In this study, T56 turboprop engine was theoretically modelled for 75% load, 100% load, military (MIL)
mode, and Take-off mode conditions. For each load conditions, thermoeconomic analyses of T56 turboprop engine
were performed to allocate the unit costs of shaft work and thrust and to determine exergy destruction cost rates for
system equipment. In thermoeconomic analyses, Specific Exergy Costing (SPECO) and Modified Productive Structure
Analysis (MOPSA) methods were used. MOPSA method gave higher unit cost values for shaft work and thrust
compared to SPECO method. As a result, for Take-off mode, the unit cost of shaft work transferred to propeller was
determined to be 78.87 $/GJ in SPECO method, while this value was calculated to be 84.68 $/GJ with MOPSA method.

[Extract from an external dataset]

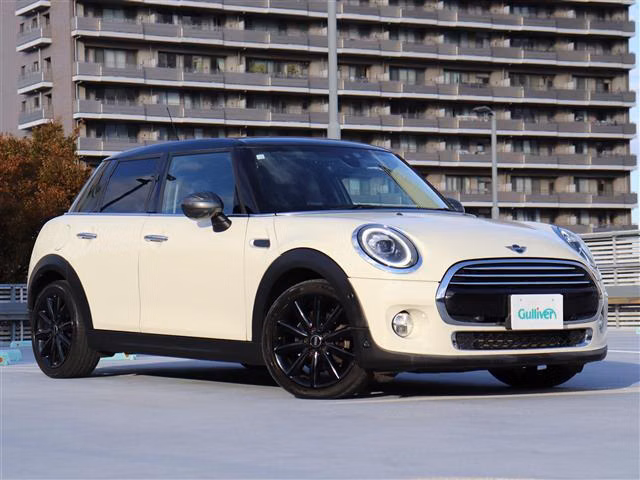 MINI HATCH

The unit cost of negentropy of T56 turboprop engine decreased with increasing in engine load and ranged from 14.98
$/GJ to 11.08 $/GJ. The exergy destruction cost rates obtained with MOPSA method for the system equipment were
considerably lower than the results obtained with SPECO method. For instance, in Take-off mode, exergy destruction
cost rate of combustion chamber was calculated to be 865.10 $/h in SPECO method, whereas it was calculated to be
247.94 $/h in MOPSA method. The exergoeconomic factor of overall system was determined to be 23.07% in SPECO
method, and 54.16% in MOPSA method for Take-off mode.